• **WHAT THE TASK ASKS**: Please repeat the entire listing verbatim and keep the pictures out.

• **DATASET**:
--------------------------------------------------
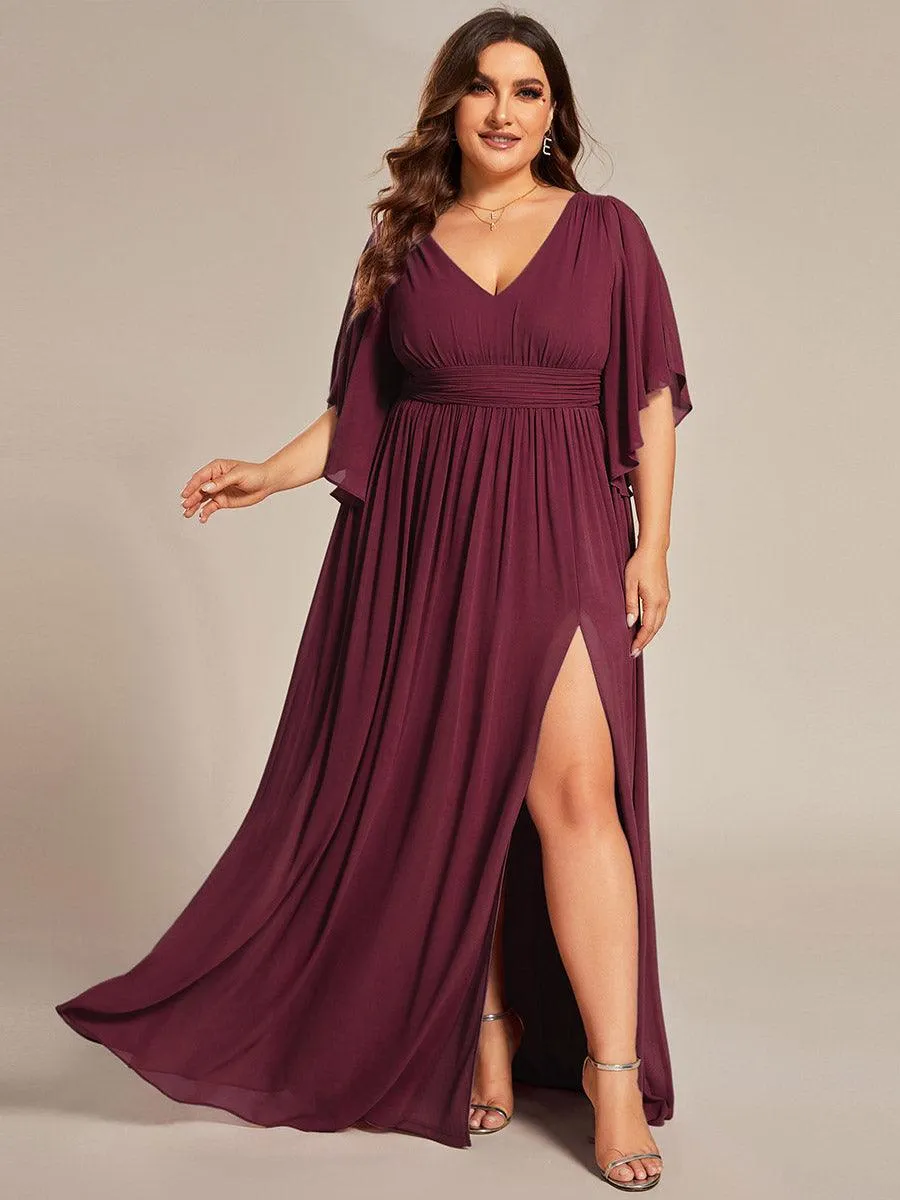 Grande Taille Robe Curvy en mousseline plissée Col V manches mi-longues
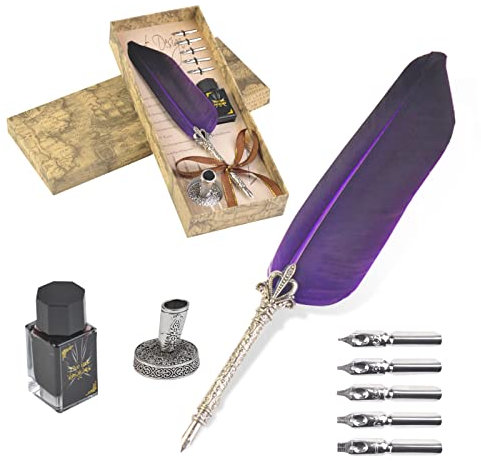 VABNEER Schreibfeder Kalligraphie Feder Vintage Federstift Tinte Set Antiken Feder Kalligraphie Stift für den Selbstgebrauch (Violett)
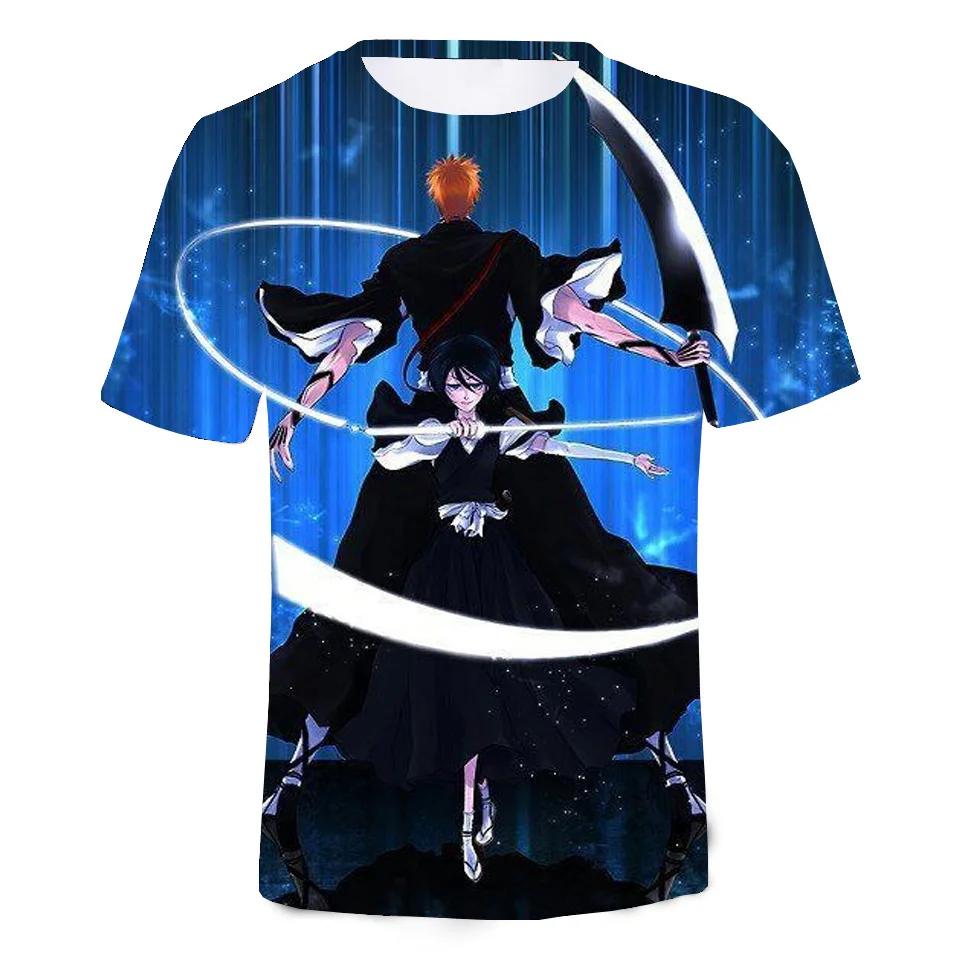 Summer Round Neck 3D Anime Bleach Printed Top Fashionable Casual Short Sleeved Children's Boy T-shirts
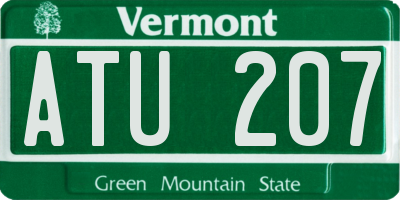 VT license plate ATU207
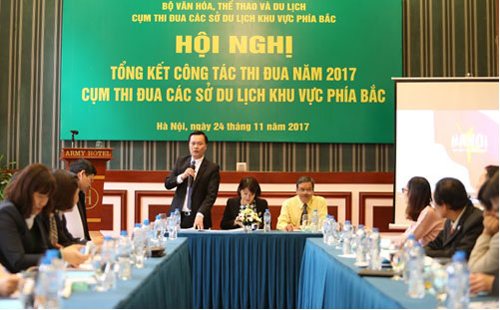 Giám đốc Sở Du lịch Hà Nội Trần Đức Hải  phát biểu tại hội nghị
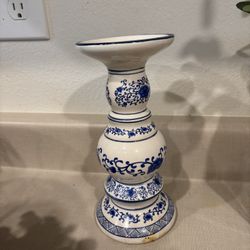 Blue And White Candle Holder 10” Tall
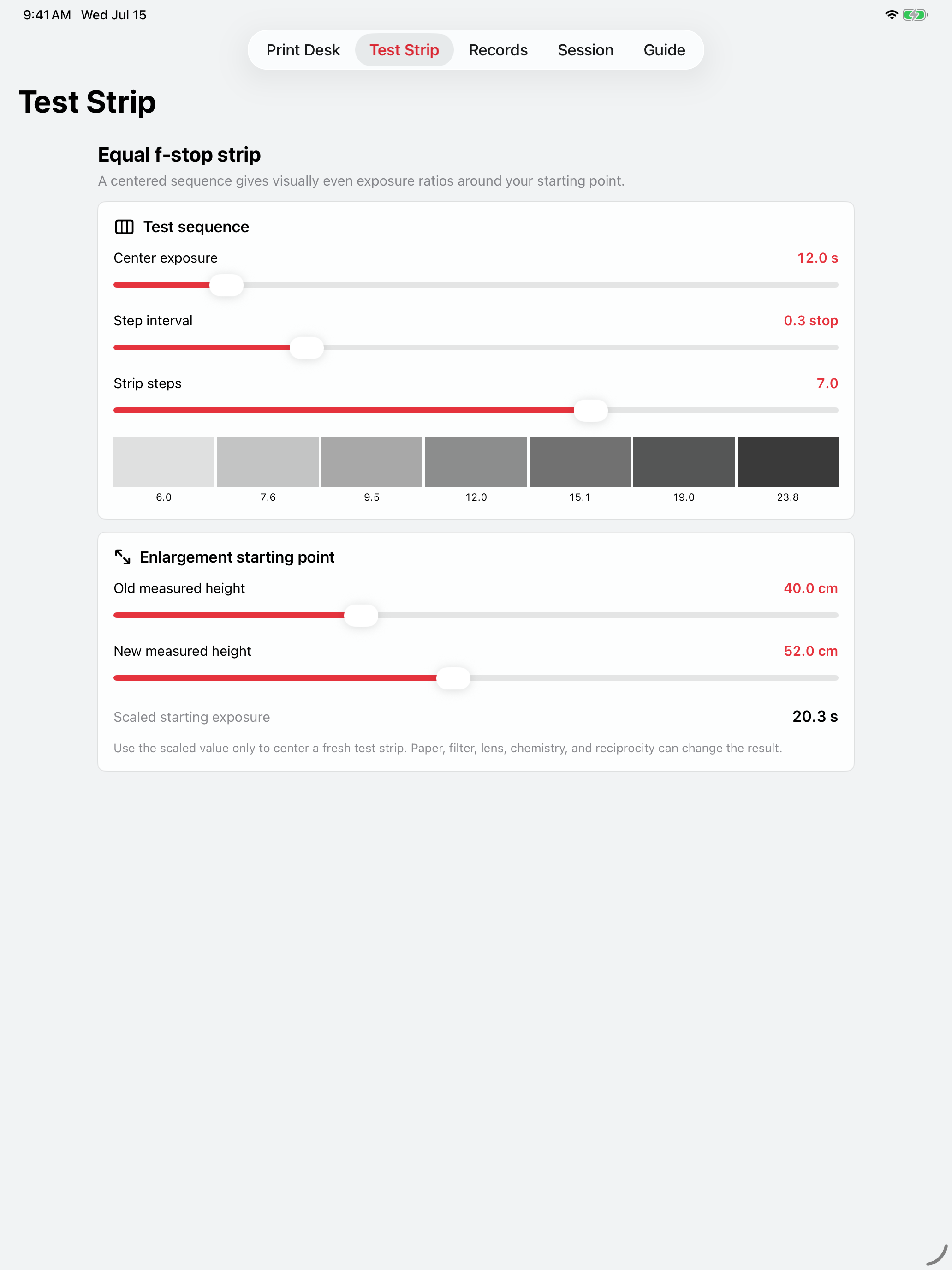 Halidestep: Darkroom Log iPad screenshot 2 of 2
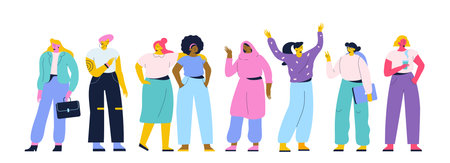 Happy young girls, women standing together flat vector illustration. Social diversity.のイラスト素材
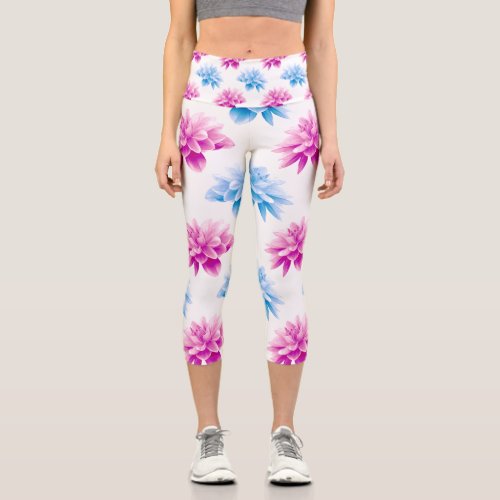 Pink Dahlia Blue Dahla Floral Pattern Flowers Capri Leggings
--------------------------------------------------
• **PROBLEM SOLUTION**:
 Grande Taille Robe Curvy en mousseline plissée Col V manches mi-longues
 VABNEER Schreibfeder Kalligraphie Feder Vintage Federstift Tinte Set Antiken Feder Kalligraphie Stift für den Selbstgebrauch (Violett)
 Summer Round Neck 3D Anime Bleach Printed Top Fashionable Casual Short Sleeved Children's Boy T-shirts
 VT license plate ATU207
 Giám đốc Sở Du lịch Hà Nội Trần Đức Hải  phát biểu tại hội nghị
 Blue And White Candle Holder 10” Tall
 Halidestep: Darkroom Log iPad screenshot 2 of 2
 Happy young girls, women standing together flat vector illustration. Social diversity.のイラスト素材
 Pink Dahlia Blue Dahla Floral Pattern Flowers Capri Leggings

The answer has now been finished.